Egyptian stone structure in a new guise: Embassy of Egypt by Promontorio

The new Egyptian embassy in the affluent Restelo district of Lisbon takes its place among numerous villas built in the forties and fifties and bordering the roads, whereby many of the villas have been converted into diplomatic representations. The architecture of the Egyptian building is largely determined by the high security requirements that an embassy has to fulfil.

The Egyptian embassy has a central position on the property and is surrounded by gardens. Access to the public entrance and the underground car park is provided through large security gates.
The monolithic building is comprised of various volumes offset and angled to result in several balconies and exterior areas. The façade is formed out of dark, precast panels of glass-fibre reinforced concrete (GRC), a material that displays a particularly high degree of tensile and flexural strength thanks to its combination of sand and glass-fibre. Installed as part of a post-and-lintel structure, the panels are covered in a bas-relief pattern produced using a mould custom-made for the project. The pattern, which imitates the geometric motifs of Egyptian culture in an understated way, creates interesting shadow effects that enliven the solid mass of the façade. At the same time the anthracite-coloured pigment of the concrete accentuates the Egyptian embassy’s monumental appearance and forms a strong contrast to the slender bronze-coloured window profiles.

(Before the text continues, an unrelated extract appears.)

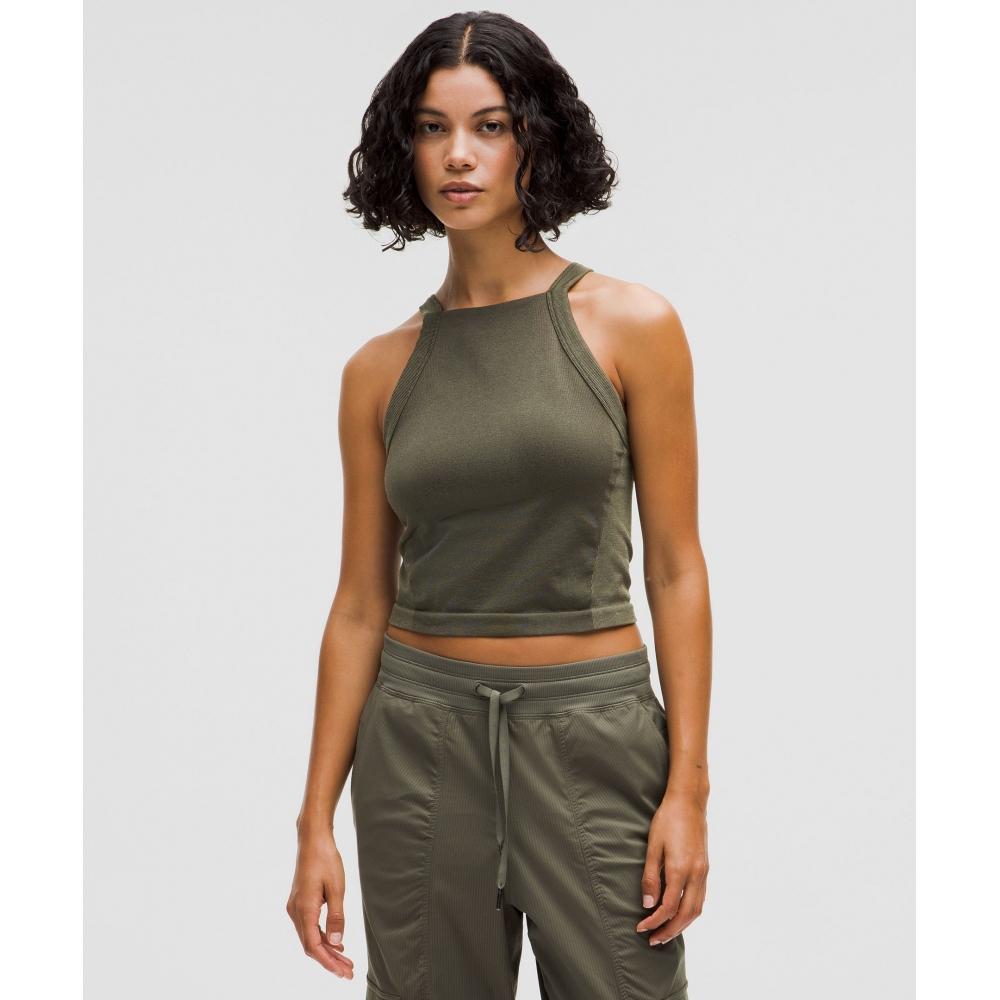 

Lululemon Seamless Training Strappy Racerback Tank Top Army Green 4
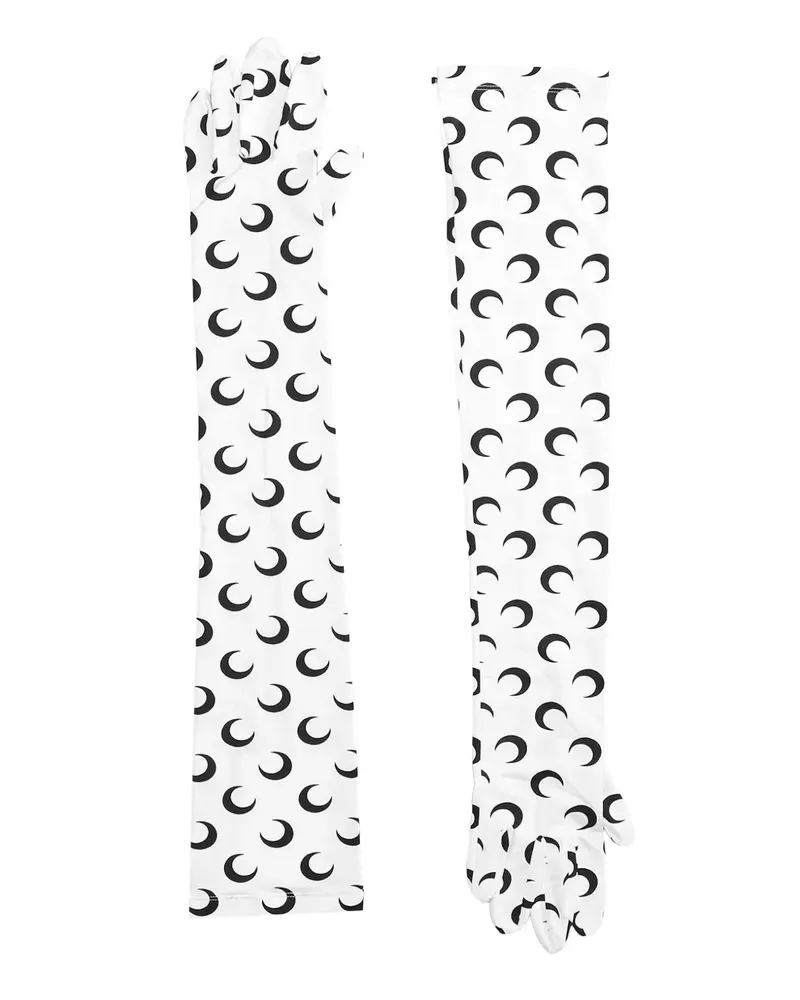 Marine Serre Handschuhe mit Mond-Print - Weiß Weiß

Inside the building, sharp lines are drawn between private and public areas. Private uses are located in closed-off rooms, screened off from scrutiny from the outside world, and public ones are restricted solely to atrium areas, meaning visitors can be seen at all times in the building. 
Panels made up of vertical timber slats start on the staircase balustrades and continue onto the walls, enveloping the spaces. The texture and grain of the wood create a pleasantly warm atmosphere in the solidly constructed building and form a contrast to the white stone slabs in the rest of the interior.
The large atrium, the building’s centrepiece, is flooded with natural light from a large skylight. A lattice of traditional Egyptian patterns inserted below the glass lends interest by creating a play of light and shade on the white stone of the floor.